This section focuses on defense mechanisms against the attacks discussed earlier. These mechanisms are divided into two stages.

In the first stage, a DRL-based DDQN detector is employed. The detector is constructed using various neural network architectures, including FFNN, CNN, and GRU. It is trained using the initial subset of the dataset discussed in Section IV-C, allowing it to learn and identify patterns indicative of electricity theft cyber-attacks. It serves as a defense mechanism against evasion attacks, considering that the attacker might exploit adversarial evasion samples generated by either DRL-based or FGSM-based attack models to launch evasion attacks against the detector. The first stage of defense is described in steps 5 and 6 in FIGURE 4.

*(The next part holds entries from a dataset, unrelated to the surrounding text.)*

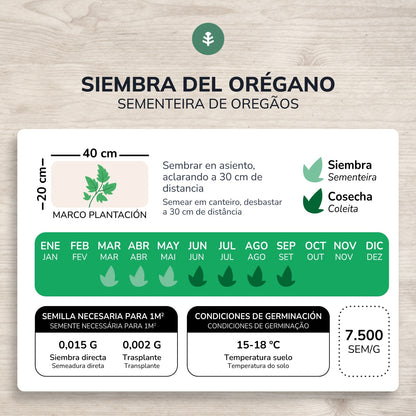 Bio Oregano Samen Planeta Huerto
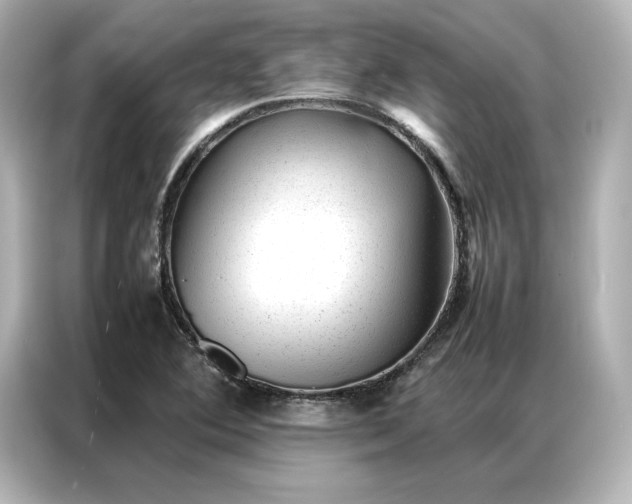 X0000086971364200704301249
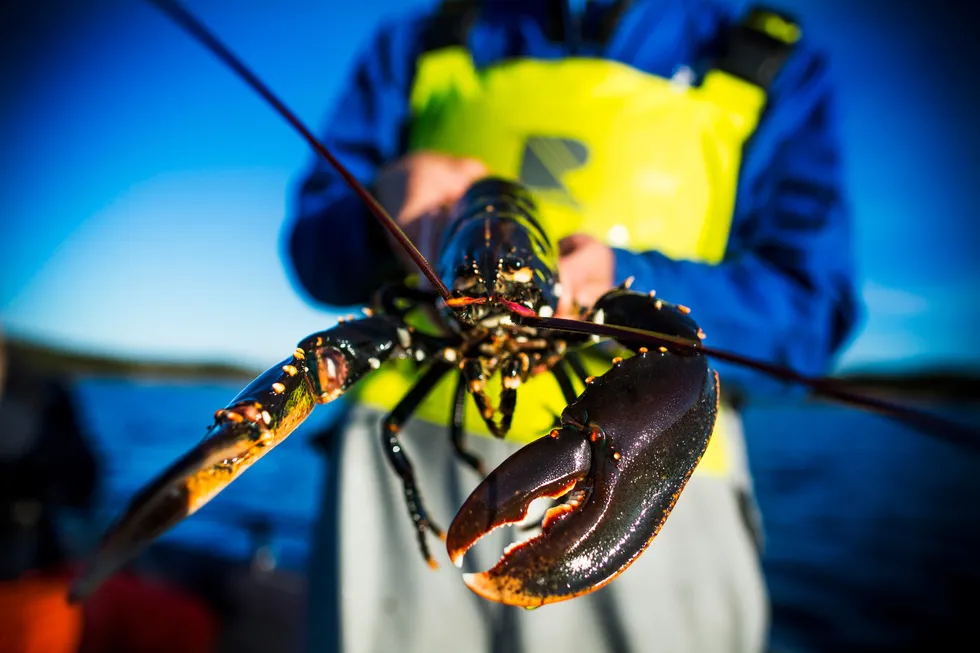 Man bør innføre maksmål på hummer som fiskes på Vestlandet, slik man allerede har gjort for Skagerrak, skriver artikkelforfatterne.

In the second stage of defense, evasion samples play a crucial role in the subsequent process known as adversarial training [58], [59]. This training significantly boosts a model’s resilience against evasion attacks by enhancing its ability to detect alterations in input data, resulting in improved differentiation between benign and malicious samples. This heightened sensitivity empowers models to make accurate judgments even when facing adversarial variations, thereby reducing the effectiveness of evasion attacks. The primary goal of this training process is to ‘harden’ and reinforce the detector’s defenses, making it more robust and resilient against future attacks. Leveraging the recorded evasion samples, the detector undergoes retraining, reinforcing its ability to identify and respond effectively to adversarial evasion attempts. Within the context of reinforcement learning (RL), adversarial training drives the RL agent to explore and adapt its policy to accommodate unexpected consumption patterns or attack tactics. Through intentional exposure to adversarial influences during training, the agent acquires the ability to make decisions that extend beyond routine situations, displaying resilience against variations and disruptions. Consequently, the agent enhances its capability to consider a wide range of scenarios and actions, enabling well-informed decisions even when confronting perturbed or adversarial observations.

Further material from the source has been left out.